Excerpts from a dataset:

⟨

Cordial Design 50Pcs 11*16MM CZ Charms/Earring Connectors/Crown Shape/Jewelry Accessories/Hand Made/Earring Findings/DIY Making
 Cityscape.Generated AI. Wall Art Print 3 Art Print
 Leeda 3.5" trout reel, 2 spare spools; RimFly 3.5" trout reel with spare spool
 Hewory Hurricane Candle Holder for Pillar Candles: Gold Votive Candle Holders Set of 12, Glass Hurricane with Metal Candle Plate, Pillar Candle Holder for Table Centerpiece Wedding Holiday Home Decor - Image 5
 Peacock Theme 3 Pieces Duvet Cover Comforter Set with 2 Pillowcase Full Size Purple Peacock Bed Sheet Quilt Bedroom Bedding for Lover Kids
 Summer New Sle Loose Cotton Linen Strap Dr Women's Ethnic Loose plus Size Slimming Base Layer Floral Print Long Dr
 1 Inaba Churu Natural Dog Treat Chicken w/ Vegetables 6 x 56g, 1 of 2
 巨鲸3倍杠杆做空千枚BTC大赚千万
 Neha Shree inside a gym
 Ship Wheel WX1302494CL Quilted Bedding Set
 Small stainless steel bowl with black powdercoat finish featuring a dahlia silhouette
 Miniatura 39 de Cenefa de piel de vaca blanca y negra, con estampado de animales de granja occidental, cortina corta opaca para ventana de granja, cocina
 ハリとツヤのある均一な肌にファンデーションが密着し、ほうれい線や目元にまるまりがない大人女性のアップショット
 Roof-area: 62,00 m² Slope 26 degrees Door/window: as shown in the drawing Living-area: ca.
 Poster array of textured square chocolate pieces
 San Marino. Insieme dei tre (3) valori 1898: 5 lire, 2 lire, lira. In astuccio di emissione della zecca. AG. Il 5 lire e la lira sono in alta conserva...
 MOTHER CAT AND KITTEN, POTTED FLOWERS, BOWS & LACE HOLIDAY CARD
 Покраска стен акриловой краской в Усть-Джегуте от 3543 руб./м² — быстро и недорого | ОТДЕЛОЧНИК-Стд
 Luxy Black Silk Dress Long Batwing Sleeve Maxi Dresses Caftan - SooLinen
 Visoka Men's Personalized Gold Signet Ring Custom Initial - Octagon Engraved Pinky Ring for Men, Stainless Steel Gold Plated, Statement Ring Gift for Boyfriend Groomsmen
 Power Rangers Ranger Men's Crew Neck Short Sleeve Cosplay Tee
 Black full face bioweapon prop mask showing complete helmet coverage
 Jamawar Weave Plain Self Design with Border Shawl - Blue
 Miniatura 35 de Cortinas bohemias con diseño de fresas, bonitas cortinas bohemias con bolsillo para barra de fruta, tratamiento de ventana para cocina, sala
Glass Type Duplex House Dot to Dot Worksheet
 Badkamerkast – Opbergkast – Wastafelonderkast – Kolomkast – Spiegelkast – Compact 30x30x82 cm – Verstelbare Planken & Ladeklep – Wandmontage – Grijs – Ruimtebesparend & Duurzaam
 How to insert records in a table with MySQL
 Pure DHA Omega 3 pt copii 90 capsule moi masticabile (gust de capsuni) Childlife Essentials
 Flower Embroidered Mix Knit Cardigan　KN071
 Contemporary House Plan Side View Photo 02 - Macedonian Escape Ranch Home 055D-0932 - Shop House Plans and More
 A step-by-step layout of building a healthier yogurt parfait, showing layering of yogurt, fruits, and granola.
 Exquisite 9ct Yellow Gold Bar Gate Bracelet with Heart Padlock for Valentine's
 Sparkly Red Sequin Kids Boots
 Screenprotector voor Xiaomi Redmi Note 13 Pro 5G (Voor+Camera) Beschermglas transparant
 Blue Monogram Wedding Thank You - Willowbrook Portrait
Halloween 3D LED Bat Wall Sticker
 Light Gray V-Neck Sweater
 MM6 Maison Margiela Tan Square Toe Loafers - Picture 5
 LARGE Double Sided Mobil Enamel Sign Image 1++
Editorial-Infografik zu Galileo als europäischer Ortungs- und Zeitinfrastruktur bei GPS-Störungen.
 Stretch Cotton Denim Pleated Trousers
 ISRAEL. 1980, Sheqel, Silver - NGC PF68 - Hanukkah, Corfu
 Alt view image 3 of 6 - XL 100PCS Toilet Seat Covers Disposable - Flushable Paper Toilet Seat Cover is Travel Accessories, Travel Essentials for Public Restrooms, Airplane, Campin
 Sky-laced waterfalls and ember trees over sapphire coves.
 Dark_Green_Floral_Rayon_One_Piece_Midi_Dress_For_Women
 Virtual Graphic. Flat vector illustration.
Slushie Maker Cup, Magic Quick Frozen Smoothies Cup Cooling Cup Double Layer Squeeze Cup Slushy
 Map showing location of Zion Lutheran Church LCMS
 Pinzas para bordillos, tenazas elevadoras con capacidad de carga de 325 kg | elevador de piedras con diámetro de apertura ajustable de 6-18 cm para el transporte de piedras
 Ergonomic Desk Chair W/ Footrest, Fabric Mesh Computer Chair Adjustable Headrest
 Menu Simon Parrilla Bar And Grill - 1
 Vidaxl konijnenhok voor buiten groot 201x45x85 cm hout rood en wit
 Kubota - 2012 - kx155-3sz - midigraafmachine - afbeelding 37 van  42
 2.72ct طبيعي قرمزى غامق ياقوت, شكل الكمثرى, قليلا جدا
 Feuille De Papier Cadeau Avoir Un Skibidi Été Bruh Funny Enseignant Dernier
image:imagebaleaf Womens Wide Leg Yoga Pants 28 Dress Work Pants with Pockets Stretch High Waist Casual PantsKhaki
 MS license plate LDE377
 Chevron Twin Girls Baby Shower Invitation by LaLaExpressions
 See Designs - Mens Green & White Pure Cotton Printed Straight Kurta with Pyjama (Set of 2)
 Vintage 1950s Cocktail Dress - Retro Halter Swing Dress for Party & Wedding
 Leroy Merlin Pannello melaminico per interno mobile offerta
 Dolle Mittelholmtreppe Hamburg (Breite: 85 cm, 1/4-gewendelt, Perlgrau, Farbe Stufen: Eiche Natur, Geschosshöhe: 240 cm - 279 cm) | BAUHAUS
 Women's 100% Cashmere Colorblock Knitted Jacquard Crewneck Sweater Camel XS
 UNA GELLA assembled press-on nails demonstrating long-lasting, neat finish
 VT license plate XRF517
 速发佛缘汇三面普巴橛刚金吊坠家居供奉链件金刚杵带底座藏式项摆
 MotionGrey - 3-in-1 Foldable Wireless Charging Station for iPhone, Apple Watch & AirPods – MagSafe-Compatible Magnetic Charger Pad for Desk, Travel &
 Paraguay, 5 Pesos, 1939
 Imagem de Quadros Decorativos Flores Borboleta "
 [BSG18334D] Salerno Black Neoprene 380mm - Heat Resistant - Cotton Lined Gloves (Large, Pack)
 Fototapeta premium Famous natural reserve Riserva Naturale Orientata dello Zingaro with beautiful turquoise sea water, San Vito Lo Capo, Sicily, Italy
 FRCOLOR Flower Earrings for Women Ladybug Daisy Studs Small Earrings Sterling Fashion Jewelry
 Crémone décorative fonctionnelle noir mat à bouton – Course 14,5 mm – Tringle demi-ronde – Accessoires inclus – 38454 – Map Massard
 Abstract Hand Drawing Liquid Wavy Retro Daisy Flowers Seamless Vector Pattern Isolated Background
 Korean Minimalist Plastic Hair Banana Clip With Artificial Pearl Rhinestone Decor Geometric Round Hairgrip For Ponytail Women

⟩

Your goal
An exact copy of every entry is required.

Answer section
Cordial Design 50Pcs 11*16MM CZ Charms/Earring Connectors/Crown Shape/Jewelry Accessories/Hand Made/Earring Findings/DIY Making
 Cityscape.Generated AI. Wall Art Print 3 Art Print
 Leeda 3.5" trout reel, 2 spare spools; RimFly 3.5" trout reel with spare spool
 Hewory Hurricane Candle Holder for Pillar Candles: Gold Votive Candle Holders Set of 12, Glass Hurricane with Metal Candle Plate, Pillar Candle Holder for Table Centerpiece Wedding Holiday Home Decor - Image 5
 Peacock Theme 3 Pieces Duvet Cover Comforter Set with 2 Pillowcase Full Size Purple Peacock Bed Sheet Quilt Bedroom Bedding for Lover Kids
 Summer New Sle Loose Cotton Linen Strap Dr Women's Ethnic Loose plus Size Slimming Base Layer Floral Print Long Dr
 1 Inaba Churu Natural Dog Treat Chicken w/ Vegetables 6 x 56g, 1 of 2
 巨鲸3倍杠杆做空千枚BTC大赚千万
 Neha Shree inside a gym
 Ship Wheel WX1302494CL Quilted Bedding Set
 Small stainless steel bowl with black powdercoat finish featuring a dahlia silhouette
 Miniatura 39 de Cenefa de piel de vaca blanca y negra, con estampado de animales de granja occidental, cortina corta opaca para ventana de granja, cocina
 ハリとツヤのある均一な肌にファンデーションが密着し、ほうれい線や目元にまるまりがない大人女性のアップショット
 Roof-area: 62,00 m² Slope 26 degrees Door/window: as shown in the drawing Living-area: ca.
 Poster array of textured square chocolate pieces
 San Marino. Insieme dei tre (3) valori 1898: 5 lire, 2 lire, lira. In astuccio di emissione della zecca. AG. Il 5 lire e la lira sono in alta conserva...
 MOTHER CAT AND KITTEN, POTTED FLOWERS, BOWS & LACE HOLIDAY CARD
 Покраска стен акриловой краской в Усть-Джегуте от 3543 руб./м² — быстро и недорого | ОТДЕЛОЧНИК-Стд
 Luxy Black Silk Dress Long Batwing Sleeve Maxi Dresses Caftan - SooLinen
 Visoka Men's Personalized Gold Signet Ring Custom Initial - Octagon Engraved Pinky Ring for Men, Stainless Steel Gold Plated, Statement Ring Gift for Boyfriend Groomsmen
 Power Rangers Ranger Men's Crew Neck Short Sleeve Cosplay Tee
 Black full face bioweapon prop mask showing complete helmet coverage
 Jamawar Weave Plain Self Design with Border Shawl - Blue
 Miniatura 35 de Cortinas bohemias con diseño de fresas, bonitas cortinas bohemias con bolsillo para barra de fruta, tratamiento de ventana para cocina, sala
Glass Type Duplex House Dot to Dot Worksheet
 Badkamerkast – Opbergkast – Wastafelonderkast – Kolomkast – Spiegelkast – Compact 30x30x82 cm – Verstelbare Planken & Ladeklep – Wandmontage – Grijs – Ruimtebesparend & Duurzaam
 How to insert records in a table with MySQL
 Pure DHA Omega 3 pt copii 90 capsule moi masticabile (gust de capsuni) Childlife Essentials
 Flower Embroidered Mix Knit Cardigan　KN071
 Contemporary House Plan Side View Photo 02 - Macedonian Escape Ranch Home 055D-0932 - Shop House Plans and More
 A step-by-step layout of building a healthier yogurt parfait, showing layering of yogurt, fruits, and granola.
 Exquisite 9ct Yellow Gold Bar Gate Bracelet with Heart Padlock for Valentine's
 Sparkly Red Sequin Kids Boots
 Screenprotector voor Xiaomi Redmi Note 13 Pro 5G (Voor+Camera) Beschermglas transparant
 Blue Monogram Wedding Thank You - Willowbrook Portrait
Halloween 3D LED Bat Wall Sticker
 Light Gray V-Neck Sweater
 MM6 Maison Margiela Tan Square Toe Loafers - Picture 5
 LARGE Double Sided Mobil Enamel Sign Image 1++
Editorial-Infografik zu Galileo als europäischer Ortungs- und Zeitinfrastruktur bei GPS-Störungen.
 Stretch Cotton Denim Pleated Trousers
 ISRAEL. 1980, Sheqel, Silver - NGC PF68 - Hanukkah, Corfu
 Alt view image 3 of 6 - XL 100PCS Toilet Seat Covers Disposable - Flushable Paper Toilet Seat Cover is Travel Accessories, Travel Essentials for Public Restrooms, Airplane, Campin
 Sky-laced waterfalls and ember trees over sapphire coves.
 Dark_Green_Floral_Rayon_One_Piece_Midi_Dress_For_Women
 Virtual Graphic. Flat vector illustration.
Slushie Maker Cup, Magic Quick Frozen Smoothies Cup Cooling Cup Double Layer Squeeze Cup Slushy
 Map showing location of Zion Lutheran Church LCMS
 Pinzas para bordillos, tenazas elevadoras con capacidad de carga de 325 kg | elevador de piedras con diámetro de apertura ajustable de 6-18 cm para el transporte de piedras
 Ergonomic Desk Chair W/ Footrest, Fabric Mesh Computer Chair Adjustable Headrest
 Menu Simon Parrilla Bar And Grill - 1
 Vidaxl konijnenhok voor buiten groot 201x45x85 cm hout rood en wit
 Kubota - 2012 - kx155-3sz - midigraafmachine - afbeelding 37 van  42
 2.72ct طبيعي قرمزى غامق ياقوت, شكل الكمثرى, قليلا جدا
 Feuille De Papier Cadeau Avoir Un Skibidi Été Bruh Funny Enseignant Dernier
image:imagebaleaf Womens Wide Leg Yoga Pants 28 Dress Work Pants with Pockets Stretch High Waist Casual PantsKhaki
 MS license plate LDE377
 Chevron Twin Girls Baby Shower Invitation by LaLaExpressions
 See Designs - Mens Green & White Pure Cotton Printed Straight Kurta with Pyjama (Set of 2)
 Vintage 1950s Cocktail Dress - Retro Halter Swing Dress for Party & Wedding
 Leroy Merlin Pannello melaminico per interno mobile offerta
 Dolle Mittelholmtreppe Hamburg (Breite: 85 cm, 1/4-gewendelt, Perlgrau, Farbe Stufen: Eiche Natur, Geschosshöhe: 240 cm - 279 cm) | BAUHAUS
 Women's 100% Cashmere Colorblock Knitted Jacquard Crewneck Sweater Camel XS
 UNA GELLA assembled press-on nails demonstrating long-lasting, neat finish
 VT license plate XRF517
 速发佛缘汇三面普巴橛刚金吊坠家居供奉链件金刚杵带底座藏式项摆
 MotionGrey - 3-in-1 Foldable Wireless Charging Station for iPhone, Apple Watch & AirPods – MagSafe-Compatible Magnetic Charger Pad for Desk, Travel &
 Paraguay, 5 Pesos, 1939
 Imagem de Quadros Decorativos Flores Borboleta "
 [BSG18334D] Salerno Black Neoprene 380mm - Heat Resistant - Cotton Lined Gloves (Large, Pack)
 Fototapeta premium Famous natural reserve Riserva Naturale Orientata dello Zingaro with beautiful turquoise sea water, San Vito Lo Capo, Sicily, Italy
 FRCOLOR Flower Earrings for Women Ladybug Daisy Studs Small Earrings Sterling Fashion Jewelry
 Crémone décorative fonctionnelle noir mat à bouton – Course 14,5 mm – Tringle demi-ronde – Accessoires inclus – 38454 – Map Massard
 Abstract Hand Drawing Liquid Wavy Retro Daisy Flowers Seamless Vector Pattern Isolated Background
 Korean Minimalist Plastic Hair Banana Clip With Artificial Pearl Rhinestone Decor Geometric Round Hairgrip For Ponytail Women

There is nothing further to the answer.